DEV Community

Ryan Giggs
Ryan Giggs

Posted on

OCI Generative AI Security: Dedicated GPUs, RDMA Networks, and Enterprise-Grade Data Protection

Security and privacy of customer workloads is an essential design tenet for Oracle Cloud Infrastructure (OCI) Generative AI. In an era where data breaches and AI security vulnerabilities dominate headlines, OCI has architected a comprehensive security framework that ensures enterprise-grade protection for AI workloads. This deep dive explores the multi-layered security approach that makes OCI Generative AI one of the most secure platforms for enterprise AI deployments.

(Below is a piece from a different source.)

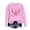 Pink, variant on Women Breast Cancer Awareness Sweatshirt Pink Ribbon Inspirational Tops Casual Long Sleeve Fall Winter Pullover Pink,M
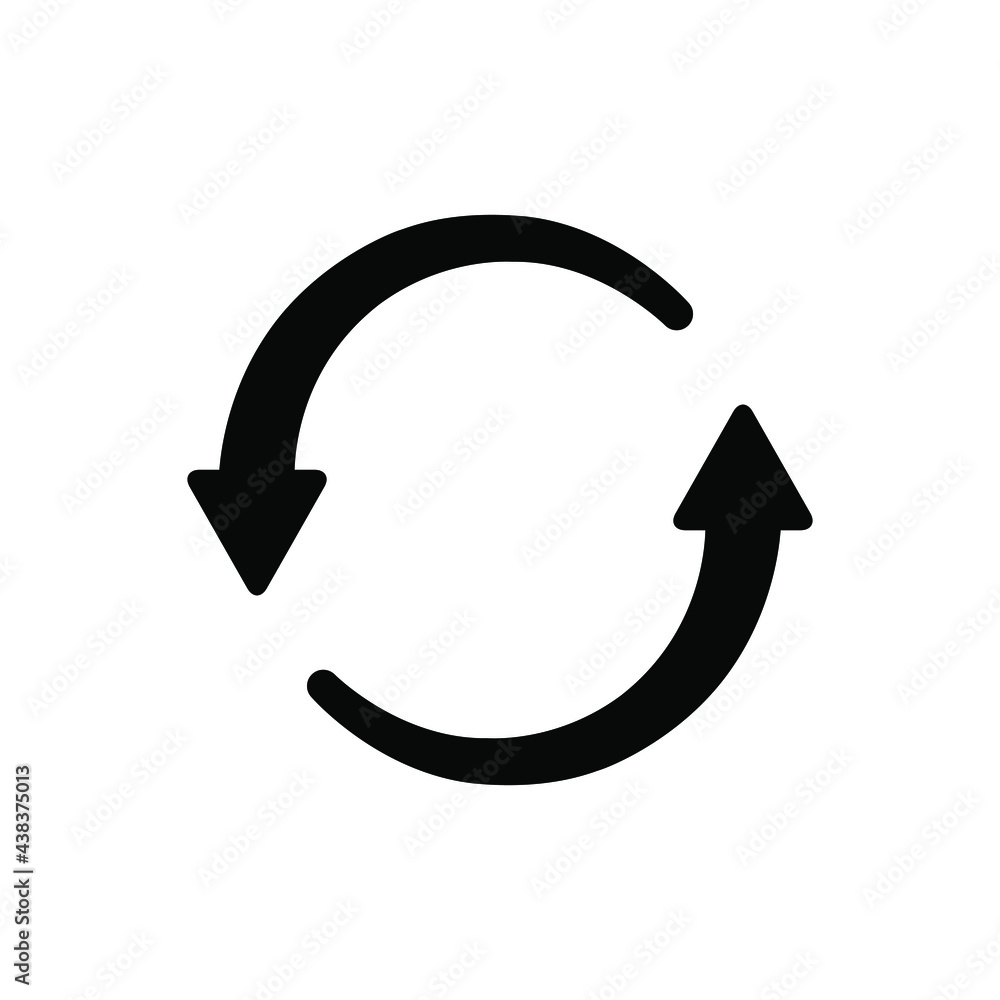 Refresh arrow icon vector graphic illustration Refresh arrow icon vector graphic illustration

The Foundation: GPU Isolation and Dedicated Infrastructure

Dedicated GPU Allocation

GPUs allocated for a customer's generative AI tasks are pooled within a dedicated RDMA network, ensuring they are exclusively allocated to a single customer and not shared with others. This fundamental isolation guarantees that customer data remains secure and inaccessible to unauthorized parties.

Key Isolation Characteristics:

Physical Separation: Each customer's GPU cluster operates on dedicated hardware, preventing any cross-contamination or data leakage between tenants.

Network Isolation: RDMA cluster networks with less than 10 microsecond latency provide ultra-high-bandwidth connections (1.6 TB/sec internode bandwidth) while maintaining complete isolation from other customers' workloads.

Compute Isolation: OCI Supercluster can deploy up to 32,768 GPUs per cluster, all dedicated to a single customer with no sharing of computational resources.

RDMA Network Architecture

Remote Direct Memory Access (RDMA) is a critical component of OCI's AI infrastructure, providing both performance and security benefits.

RDMA Technology Overview:

RDMA allows for low-latency connections between nodes and access to GPU memory without involving the CPU. This technology enables:

  • Ultra-Low Latency: Less than 10 microseconds between nodes
  • High Bandwidth: 1.6 TB/sec internode bandwidth for massive data transfers
  • CPU Offload: Direct memory-to-memory transfers without CPU intervention
  • Security: Dedicated network fabric preventing cross-tenant access

Network Types:

OCI's cluster network uses RDMA over Converged Ethernet Version 2 (RoCE v2) on top of NVIDIA ConnectX-7 network interface cards (NICs) to support high-throughput and latency-sensitive workloads.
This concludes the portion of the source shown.